The pandemic has been particularly challenging for airports. The relief measures enacted last year and in March of this year have helped to provide critical aid for supporting airport operations as well as ongoing projects and new projects that have been initiated in response to the pandemic. The FAA's Office of Airports is administering billions of dollars in grants to airports under the CARES Act. And we established the Airport Coronavirus Response Grant Program to distribute nearly $2 billion in economic relief made available by the Coronavirus Response and Relief Supplemental Appropriation Act to eligible U.S. airports to prepare for and respond to the pandemic as well as to provide rent relief to eligible airport concessions. Most recently, we started the process to release a third set of grants from the American Rescue Plan Act. These additional funds will help airports to continue to provide essential services throughout the pandemic and beyond.

We will continue to work diligently with all levels of government, public health officials, and industry stakeholders to execute a holistic government response to the COVID-19 pandemic to protect the health and safety of the American people. We know that efficient vaccine delivery saves lives. Over the past six months, we have been busy working with industry in support of delivering vaccines and other supplies. As part of the Department's overall efforts to coordinate the vaccine rollout, we established the FAA COVID-19 Vaccine Air Transport Team in October 2020 to support the distribution efforts. The team is working with aircraft manufacturers, air carriers, and other stakeholders to provide guidance and information on the safe transport of dry ice and to provide air navigation services in order to prioritize flights carrying vaccines.

Aviation is integral to rebooting our economy, in part by getting COVID-19 vaccines from manufacturers to people as well as connecting people and cultures from every corner of the globe once we are freely moving about the world again. As we have seen throughout the pandemic, our national airspace system is resilient, and we are confident that our efforts to address the challenges of this pandemic will make us even stronger.
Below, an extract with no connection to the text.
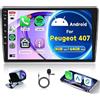 Asudaro Autoradio 2 DIN Android 14 per Peugeot 407 2004-2008, Schermo Touch 9 Pollici 4+64G, Compatibile con CarPlay e Android Auto, Bluetooth GPS FM/RDS, Navigazione Auto con SWC Mirror Link DSP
Fiscal Year 2022 Budget Request and American Jobs Plan

While this hearing is focused on aviation safety, I would be remiss if I did not reference the Fiscal Year 2022 budget request and the President's recently released American Jobs Plan. The total level of discretionary funding requested for FY 2022 includes $25.6 billion for the Department of Transportation. The Plan proposes additional investments in airports, funding for the FAA's air traffic facilities, and a new competitive grant program to support airport terminal development and multimodal access to airports. As you know, the full details of the request will be released soon, including details about how the budget request supports the functions and responsibilities of the FAA. This committee has shown support for the agency in recent years, and I look forward to working with Congress as it considers the American Jobs Plan. This concludes my statement. I will be glad to answer your questions.